**GIVEN INFORMATION**.

============

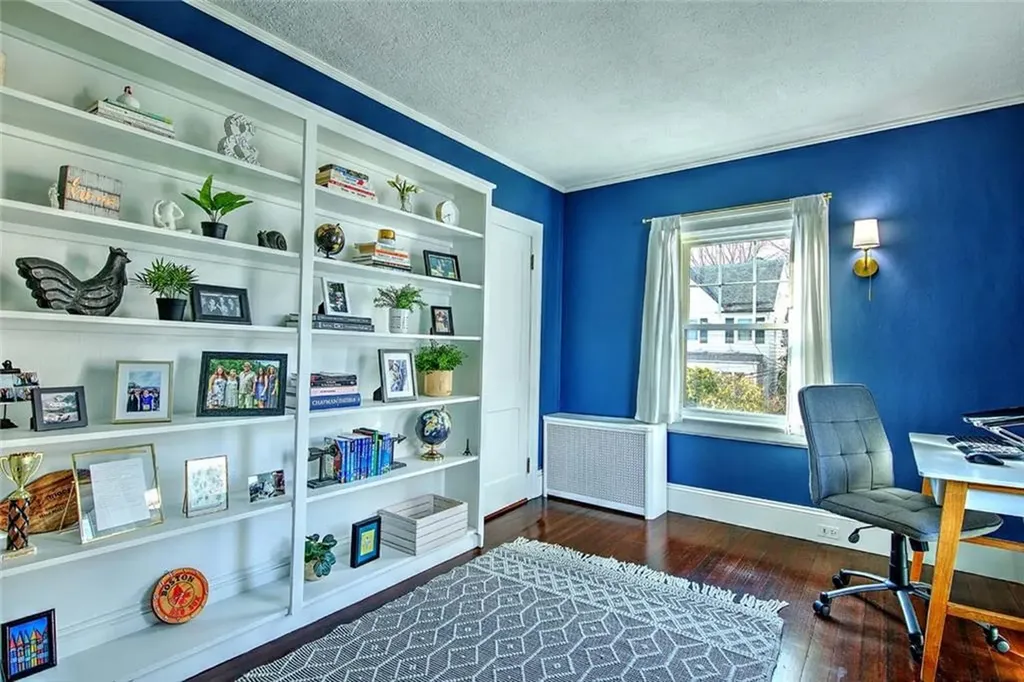 7 Angell Court Providence RI 02906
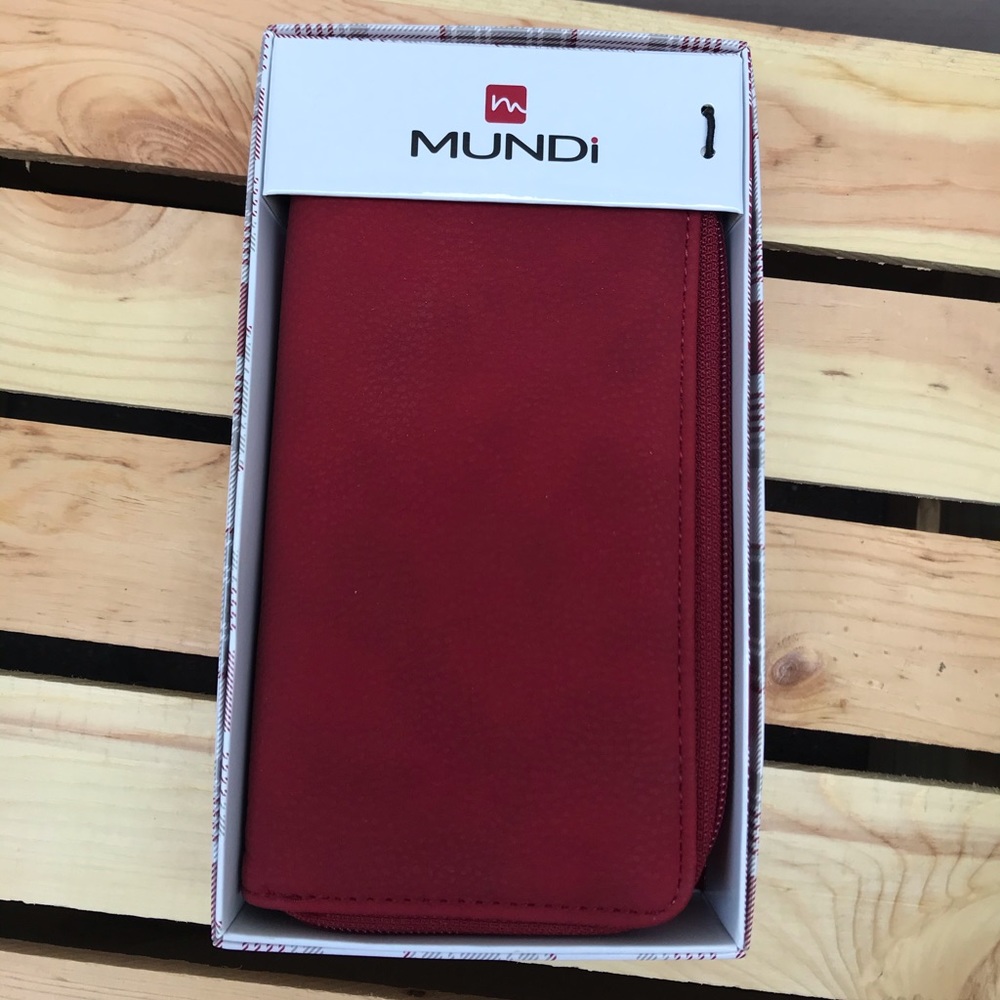 Red Wallet - Picture 2 of 5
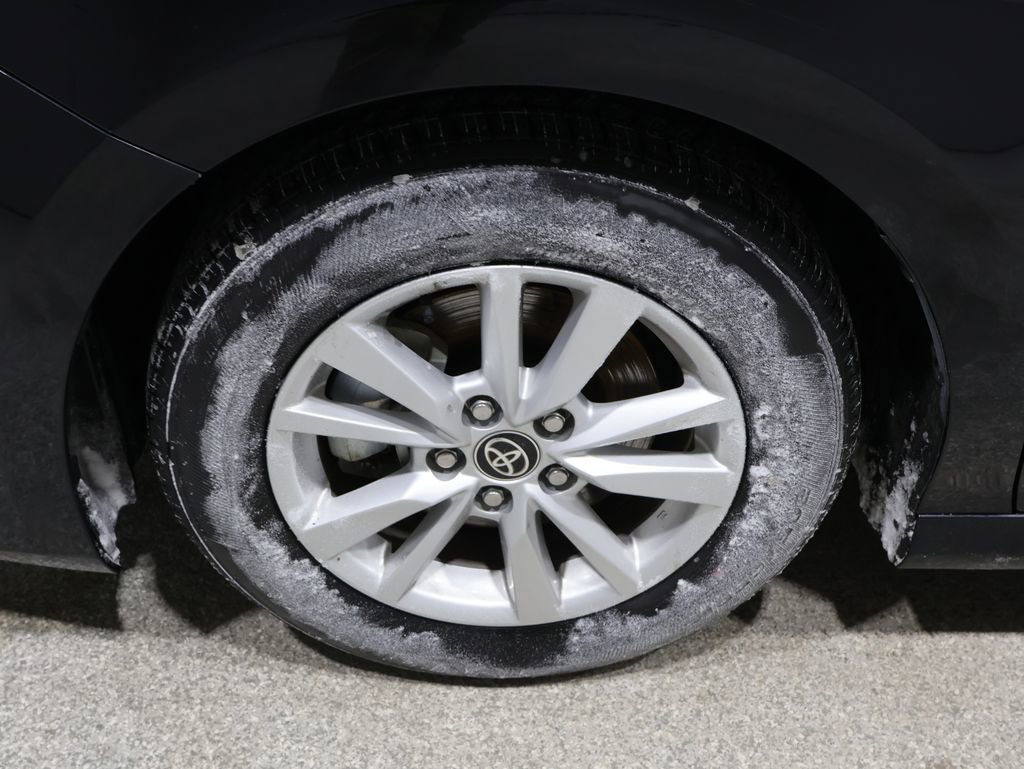 Used 2025 Toyota Camry LE image 9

============

**ACTIVITY**.
Output the data above in full and exactly, with every image left out.

**WRITTEN RESPONSE**.
 7 Angell Court Providence RI 02906
 Red Wallet - Picture 2 of 5
 Used 2025 Toyota Camry LE image 9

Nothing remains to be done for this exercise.